[What is expected] From the records, return each line that has the word "Tシャツ" in it.

Data provided Block Start

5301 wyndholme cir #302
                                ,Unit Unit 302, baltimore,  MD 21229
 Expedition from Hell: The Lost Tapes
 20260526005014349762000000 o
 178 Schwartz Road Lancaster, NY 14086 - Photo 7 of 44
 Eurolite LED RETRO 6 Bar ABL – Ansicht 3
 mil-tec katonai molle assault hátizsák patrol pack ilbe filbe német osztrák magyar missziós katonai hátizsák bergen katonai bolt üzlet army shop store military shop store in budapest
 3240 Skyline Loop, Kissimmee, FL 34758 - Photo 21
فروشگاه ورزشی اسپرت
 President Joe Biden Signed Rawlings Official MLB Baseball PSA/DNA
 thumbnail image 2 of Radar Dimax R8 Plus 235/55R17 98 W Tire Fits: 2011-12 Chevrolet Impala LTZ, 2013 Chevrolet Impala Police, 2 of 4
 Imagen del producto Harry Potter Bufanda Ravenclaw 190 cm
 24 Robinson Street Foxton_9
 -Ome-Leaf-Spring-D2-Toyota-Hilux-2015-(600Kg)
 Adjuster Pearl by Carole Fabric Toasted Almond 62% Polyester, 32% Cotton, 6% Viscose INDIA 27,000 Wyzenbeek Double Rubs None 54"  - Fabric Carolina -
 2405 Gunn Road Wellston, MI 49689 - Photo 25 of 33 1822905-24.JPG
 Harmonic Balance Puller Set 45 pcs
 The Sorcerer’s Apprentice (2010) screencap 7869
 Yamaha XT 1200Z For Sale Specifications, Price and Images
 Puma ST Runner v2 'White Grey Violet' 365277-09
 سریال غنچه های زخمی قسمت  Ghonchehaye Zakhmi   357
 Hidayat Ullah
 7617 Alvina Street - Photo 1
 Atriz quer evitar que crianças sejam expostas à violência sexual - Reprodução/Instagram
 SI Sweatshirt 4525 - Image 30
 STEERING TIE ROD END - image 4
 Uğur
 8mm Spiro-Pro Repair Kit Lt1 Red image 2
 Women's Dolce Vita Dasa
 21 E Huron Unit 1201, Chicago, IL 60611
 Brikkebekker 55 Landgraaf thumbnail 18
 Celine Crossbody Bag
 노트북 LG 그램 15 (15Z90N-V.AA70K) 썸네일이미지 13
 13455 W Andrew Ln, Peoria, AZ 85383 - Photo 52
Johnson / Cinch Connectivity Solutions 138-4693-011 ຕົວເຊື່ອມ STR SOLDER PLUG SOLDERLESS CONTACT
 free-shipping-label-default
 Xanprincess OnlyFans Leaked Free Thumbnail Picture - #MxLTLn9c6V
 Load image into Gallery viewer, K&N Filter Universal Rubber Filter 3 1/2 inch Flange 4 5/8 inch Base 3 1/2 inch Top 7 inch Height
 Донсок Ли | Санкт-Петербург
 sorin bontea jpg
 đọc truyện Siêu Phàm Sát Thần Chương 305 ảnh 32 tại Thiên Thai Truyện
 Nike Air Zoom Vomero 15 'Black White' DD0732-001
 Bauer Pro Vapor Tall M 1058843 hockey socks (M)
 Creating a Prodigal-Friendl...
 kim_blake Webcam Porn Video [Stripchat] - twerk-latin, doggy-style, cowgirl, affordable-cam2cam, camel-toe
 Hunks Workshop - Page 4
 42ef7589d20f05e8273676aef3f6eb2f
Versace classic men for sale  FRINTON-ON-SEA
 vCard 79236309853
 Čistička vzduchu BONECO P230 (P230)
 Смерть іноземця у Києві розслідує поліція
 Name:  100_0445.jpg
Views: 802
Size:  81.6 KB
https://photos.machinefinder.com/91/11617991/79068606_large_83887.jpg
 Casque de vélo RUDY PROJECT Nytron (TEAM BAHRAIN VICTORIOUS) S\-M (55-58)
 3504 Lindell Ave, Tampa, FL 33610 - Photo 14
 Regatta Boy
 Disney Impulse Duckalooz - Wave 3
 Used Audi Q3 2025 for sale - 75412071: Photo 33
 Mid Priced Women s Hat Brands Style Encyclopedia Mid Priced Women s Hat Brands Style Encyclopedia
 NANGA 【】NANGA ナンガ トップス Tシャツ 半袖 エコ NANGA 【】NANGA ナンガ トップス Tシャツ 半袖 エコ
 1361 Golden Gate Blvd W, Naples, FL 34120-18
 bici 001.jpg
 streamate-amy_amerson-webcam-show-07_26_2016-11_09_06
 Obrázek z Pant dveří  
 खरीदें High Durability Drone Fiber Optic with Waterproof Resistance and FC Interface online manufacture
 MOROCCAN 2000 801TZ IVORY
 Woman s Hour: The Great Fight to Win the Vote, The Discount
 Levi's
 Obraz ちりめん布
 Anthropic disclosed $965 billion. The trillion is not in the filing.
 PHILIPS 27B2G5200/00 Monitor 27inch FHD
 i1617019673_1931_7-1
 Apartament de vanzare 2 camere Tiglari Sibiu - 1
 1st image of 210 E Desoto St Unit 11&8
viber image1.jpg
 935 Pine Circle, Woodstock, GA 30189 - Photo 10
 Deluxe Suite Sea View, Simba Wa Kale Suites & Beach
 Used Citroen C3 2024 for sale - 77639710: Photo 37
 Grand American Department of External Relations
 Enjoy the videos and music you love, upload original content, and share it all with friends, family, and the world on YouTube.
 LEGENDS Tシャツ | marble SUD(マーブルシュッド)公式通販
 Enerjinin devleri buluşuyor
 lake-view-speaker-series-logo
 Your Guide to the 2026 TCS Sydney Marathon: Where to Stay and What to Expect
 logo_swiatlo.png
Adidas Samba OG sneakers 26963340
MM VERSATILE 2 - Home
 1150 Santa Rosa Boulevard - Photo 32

Data provided Block End

[Answer space]
 NANGA 【】NANGA ナンガ トップス Tシャツ 半袖 エコ NANGA 【】NANGA ナンガ トップス Tシャツ 半袖 エコ
 LEGENDS Tシャツ | marble SUD(マーブルシュッド)公式通販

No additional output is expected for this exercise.